Where a line in the listing below contains the word "with", copy that line.

§ INFORMATION SUPPLIED:
════════════════
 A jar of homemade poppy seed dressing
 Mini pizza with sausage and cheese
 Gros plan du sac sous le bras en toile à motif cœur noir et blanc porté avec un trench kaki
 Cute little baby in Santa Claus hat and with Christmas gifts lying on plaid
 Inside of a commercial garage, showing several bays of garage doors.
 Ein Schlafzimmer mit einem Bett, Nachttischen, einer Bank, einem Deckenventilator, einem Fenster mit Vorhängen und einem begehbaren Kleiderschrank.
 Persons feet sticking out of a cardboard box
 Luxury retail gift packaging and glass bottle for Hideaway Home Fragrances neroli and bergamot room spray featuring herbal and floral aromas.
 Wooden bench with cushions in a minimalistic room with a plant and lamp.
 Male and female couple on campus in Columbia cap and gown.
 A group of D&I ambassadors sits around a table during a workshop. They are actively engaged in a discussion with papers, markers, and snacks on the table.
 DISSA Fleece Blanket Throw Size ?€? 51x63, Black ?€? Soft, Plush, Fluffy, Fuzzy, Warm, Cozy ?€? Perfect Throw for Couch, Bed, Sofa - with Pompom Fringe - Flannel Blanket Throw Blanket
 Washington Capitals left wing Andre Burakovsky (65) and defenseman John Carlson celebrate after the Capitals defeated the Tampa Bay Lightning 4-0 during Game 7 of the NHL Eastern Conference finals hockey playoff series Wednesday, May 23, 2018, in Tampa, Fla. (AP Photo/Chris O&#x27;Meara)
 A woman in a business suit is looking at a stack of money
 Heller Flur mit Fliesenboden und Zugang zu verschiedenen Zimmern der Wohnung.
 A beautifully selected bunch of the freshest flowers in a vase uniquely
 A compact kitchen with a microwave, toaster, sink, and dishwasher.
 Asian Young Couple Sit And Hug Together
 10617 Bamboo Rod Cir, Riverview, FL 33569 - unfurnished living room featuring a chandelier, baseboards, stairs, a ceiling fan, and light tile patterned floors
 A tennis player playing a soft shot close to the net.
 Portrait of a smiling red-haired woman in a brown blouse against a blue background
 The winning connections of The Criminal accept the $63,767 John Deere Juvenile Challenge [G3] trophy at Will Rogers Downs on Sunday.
════════════════
§ SOLUTION:
 Mini pizza with sausage and cheese
 Cute little baby in Santa Claus hat and with Christmas gifts lying on plaid
 Wooden bench with cushions in a minimalistic room with a plant and lamp.
 A group of D&I ambassadors sits around a table during a workshop. They are actively engaged in a discussion with papers, markers, and snacks on the table.
 DISSA Fleece Blanket Throw Size ?€? 51x63, Black ?€? Soft, Plush, Fluffy, Fuzzy, Warm, Cozy ?€? Perfect Throw for Couch, Bed, Sofa - with Pompom Fringe - Flannel Blanket Throw Blanket
 A compact kitchen with a microwave, toaster, sink, and dishwasher.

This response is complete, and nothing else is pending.